*Action item:*
Print the line where "Satılır 8 otaqlı həyət evi 200 m²" occurs and every line that follows it in the data below, ending with the last line, precisely as written.

*Listed records:*

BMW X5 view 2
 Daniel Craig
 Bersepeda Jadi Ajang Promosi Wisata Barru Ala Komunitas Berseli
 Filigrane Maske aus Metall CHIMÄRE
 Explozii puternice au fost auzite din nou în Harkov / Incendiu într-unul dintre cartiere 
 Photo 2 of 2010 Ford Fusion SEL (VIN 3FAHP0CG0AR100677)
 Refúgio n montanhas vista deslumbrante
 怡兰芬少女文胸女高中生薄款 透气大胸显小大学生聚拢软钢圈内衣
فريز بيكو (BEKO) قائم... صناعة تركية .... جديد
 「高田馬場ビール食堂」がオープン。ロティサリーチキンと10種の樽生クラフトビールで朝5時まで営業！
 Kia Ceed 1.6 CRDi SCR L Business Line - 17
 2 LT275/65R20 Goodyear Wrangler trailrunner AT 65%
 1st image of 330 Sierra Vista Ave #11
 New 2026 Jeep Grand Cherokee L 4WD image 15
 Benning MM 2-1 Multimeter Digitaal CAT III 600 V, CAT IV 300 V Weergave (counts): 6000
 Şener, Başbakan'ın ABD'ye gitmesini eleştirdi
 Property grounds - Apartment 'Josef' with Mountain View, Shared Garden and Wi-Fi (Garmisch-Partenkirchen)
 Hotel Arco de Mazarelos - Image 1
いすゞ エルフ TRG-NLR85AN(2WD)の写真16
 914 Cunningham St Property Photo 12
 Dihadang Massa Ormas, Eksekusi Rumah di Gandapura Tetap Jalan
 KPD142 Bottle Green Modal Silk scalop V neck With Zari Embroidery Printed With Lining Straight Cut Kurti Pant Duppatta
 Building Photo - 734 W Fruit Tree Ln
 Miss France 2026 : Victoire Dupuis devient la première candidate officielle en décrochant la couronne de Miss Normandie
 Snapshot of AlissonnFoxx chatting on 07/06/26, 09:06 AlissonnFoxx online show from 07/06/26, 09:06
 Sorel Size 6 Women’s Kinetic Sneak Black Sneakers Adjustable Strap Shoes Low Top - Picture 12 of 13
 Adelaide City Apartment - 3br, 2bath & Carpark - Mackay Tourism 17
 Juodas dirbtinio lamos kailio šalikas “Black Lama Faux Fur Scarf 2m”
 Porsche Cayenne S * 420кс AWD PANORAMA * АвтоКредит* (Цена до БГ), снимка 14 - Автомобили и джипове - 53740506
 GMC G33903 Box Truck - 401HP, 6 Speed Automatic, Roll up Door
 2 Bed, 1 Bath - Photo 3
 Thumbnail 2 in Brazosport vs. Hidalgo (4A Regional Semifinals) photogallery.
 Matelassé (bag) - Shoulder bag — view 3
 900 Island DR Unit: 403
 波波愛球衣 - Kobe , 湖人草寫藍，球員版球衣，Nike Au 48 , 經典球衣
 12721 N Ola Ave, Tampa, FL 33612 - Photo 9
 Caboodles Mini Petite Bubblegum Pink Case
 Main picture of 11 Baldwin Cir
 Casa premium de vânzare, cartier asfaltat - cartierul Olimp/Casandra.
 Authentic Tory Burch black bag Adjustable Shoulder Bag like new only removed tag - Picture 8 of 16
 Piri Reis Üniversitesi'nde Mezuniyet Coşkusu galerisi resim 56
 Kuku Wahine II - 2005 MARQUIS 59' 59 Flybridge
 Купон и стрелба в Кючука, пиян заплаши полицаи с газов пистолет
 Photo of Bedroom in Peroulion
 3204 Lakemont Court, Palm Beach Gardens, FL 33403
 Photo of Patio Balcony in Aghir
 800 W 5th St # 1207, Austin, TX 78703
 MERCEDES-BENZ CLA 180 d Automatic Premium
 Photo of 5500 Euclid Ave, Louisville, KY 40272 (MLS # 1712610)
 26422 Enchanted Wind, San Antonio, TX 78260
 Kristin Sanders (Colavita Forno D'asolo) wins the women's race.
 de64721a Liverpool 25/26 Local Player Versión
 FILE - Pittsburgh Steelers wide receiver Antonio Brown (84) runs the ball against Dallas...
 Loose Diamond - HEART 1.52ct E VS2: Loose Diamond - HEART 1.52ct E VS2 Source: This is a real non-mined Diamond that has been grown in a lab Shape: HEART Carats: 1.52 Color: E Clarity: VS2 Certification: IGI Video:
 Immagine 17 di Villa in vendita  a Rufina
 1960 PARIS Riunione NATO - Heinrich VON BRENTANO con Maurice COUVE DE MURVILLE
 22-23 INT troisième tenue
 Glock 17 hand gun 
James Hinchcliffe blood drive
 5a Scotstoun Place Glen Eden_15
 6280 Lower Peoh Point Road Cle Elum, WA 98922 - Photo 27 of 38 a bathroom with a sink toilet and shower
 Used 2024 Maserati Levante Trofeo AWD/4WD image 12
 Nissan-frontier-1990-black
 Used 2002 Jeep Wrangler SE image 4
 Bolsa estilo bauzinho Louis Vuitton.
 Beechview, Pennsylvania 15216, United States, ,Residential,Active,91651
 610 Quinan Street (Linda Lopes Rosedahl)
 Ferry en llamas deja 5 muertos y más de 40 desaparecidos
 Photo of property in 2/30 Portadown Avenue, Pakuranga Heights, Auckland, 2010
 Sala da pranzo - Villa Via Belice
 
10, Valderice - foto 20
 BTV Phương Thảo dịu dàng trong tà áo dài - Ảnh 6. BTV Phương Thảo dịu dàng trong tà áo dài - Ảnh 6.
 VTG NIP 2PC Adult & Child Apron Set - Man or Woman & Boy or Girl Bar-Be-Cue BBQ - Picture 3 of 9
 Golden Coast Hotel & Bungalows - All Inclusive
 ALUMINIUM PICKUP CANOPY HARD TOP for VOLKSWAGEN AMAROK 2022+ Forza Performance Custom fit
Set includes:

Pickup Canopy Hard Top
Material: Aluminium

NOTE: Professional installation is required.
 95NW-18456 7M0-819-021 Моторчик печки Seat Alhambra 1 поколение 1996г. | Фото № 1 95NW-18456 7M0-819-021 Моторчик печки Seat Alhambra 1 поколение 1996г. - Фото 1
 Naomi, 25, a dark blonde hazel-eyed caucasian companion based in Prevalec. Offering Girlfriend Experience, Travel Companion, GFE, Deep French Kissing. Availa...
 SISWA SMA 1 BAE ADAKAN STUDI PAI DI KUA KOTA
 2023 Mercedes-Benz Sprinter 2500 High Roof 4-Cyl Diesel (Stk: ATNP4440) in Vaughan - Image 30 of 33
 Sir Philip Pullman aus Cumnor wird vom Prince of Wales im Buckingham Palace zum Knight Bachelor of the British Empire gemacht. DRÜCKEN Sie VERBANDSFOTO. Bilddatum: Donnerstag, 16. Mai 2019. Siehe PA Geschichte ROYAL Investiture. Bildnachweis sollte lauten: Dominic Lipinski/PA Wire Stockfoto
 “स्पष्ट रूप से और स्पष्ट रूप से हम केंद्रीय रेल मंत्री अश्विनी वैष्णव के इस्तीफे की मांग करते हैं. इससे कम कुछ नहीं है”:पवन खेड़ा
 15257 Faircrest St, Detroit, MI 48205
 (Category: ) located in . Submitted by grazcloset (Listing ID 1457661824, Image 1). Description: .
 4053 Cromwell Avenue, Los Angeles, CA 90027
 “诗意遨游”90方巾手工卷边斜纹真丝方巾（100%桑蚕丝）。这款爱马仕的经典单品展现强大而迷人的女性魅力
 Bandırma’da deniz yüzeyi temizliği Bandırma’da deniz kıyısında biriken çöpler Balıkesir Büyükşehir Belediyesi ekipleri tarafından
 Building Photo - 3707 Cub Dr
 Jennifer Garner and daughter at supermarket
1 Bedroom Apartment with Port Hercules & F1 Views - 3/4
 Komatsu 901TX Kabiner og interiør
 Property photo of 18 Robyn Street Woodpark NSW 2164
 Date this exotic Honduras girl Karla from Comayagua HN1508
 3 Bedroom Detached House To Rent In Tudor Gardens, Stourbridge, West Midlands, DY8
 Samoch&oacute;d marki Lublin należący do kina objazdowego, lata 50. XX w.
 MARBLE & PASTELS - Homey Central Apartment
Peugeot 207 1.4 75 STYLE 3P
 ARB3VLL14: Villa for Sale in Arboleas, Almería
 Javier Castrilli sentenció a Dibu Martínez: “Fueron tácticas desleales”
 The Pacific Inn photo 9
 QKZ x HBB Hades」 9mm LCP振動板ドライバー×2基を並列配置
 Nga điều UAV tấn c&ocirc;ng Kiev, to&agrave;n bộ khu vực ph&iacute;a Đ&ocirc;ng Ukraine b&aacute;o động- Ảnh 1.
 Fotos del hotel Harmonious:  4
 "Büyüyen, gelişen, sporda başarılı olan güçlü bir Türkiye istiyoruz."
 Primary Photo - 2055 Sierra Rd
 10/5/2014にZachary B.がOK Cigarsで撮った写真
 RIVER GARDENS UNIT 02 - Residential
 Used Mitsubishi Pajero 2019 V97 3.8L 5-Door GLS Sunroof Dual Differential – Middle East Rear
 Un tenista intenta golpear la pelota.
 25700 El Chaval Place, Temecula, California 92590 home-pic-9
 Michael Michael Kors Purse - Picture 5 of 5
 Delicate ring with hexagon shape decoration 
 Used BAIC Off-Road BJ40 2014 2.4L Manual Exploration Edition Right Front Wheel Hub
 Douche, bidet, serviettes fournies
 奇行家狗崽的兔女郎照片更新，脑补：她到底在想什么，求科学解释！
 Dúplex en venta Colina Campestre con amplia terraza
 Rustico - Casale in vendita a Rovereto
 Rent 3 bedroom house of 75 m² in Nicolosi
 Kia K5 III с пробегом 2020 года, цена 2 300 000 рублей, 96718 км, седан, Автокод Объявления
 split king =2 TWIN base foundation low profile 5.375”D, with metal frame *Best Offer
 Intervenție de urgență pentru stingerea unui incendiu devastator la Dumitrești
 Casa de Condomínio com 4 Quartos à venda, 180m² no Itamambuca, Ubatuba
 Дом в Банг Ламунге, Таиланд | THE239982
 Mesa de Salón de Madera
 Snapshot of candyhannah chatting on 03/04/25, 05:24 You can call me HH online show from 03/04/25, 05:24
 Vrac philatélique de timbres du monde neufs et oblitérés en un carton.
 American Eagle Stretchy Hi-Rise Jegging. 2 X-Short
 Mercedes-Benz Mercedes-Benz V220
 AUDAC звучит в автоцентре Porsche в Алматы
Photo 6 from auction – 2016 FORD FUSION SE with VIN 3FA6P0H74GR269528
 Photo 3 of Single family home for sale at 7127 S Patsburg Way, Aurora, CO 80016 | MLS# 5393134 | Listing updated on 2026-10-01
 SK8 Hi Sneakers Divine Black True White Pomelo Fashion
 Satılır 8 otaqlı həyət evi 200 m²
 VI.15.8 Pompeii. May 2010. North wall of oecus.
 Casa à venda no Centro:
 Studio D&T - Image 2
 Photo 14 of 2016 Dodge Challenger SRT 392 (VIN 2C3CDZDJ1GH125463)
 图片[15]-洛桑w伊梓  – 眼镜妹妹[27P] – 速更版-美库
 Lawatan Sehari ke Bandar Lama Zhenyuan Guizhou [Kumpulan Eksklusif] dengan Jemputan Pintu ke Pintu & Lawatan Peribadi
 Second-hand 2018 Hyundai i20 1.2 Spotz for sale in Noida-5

*Result of this task:*
 Satılır 8 otaqlı həyət evi 200 m²
 VI.15.8 Pompeii. May 2010. North wall of oecus.
 Casa à venda no Centro:
 Studio D&T - Image 2
 Photo 14 of 2016 Dodge Challenger SRT 392 (VIN 2C3CDZDJ1GH125463)
 图片[15]-洛桑w伊梓  – 眼镜妹妹[27P] – 速更版-美库
 Lawatan Sehari ke Bandar Lama Zhenyuan Guizhou [Kumpulan Eksklusif] dengan Jemputan Pintu ke Pintu & Lawatan Peribadi
 Second-hand 2018 Hyundai i20 1.2 Spotz for sale in Noida-5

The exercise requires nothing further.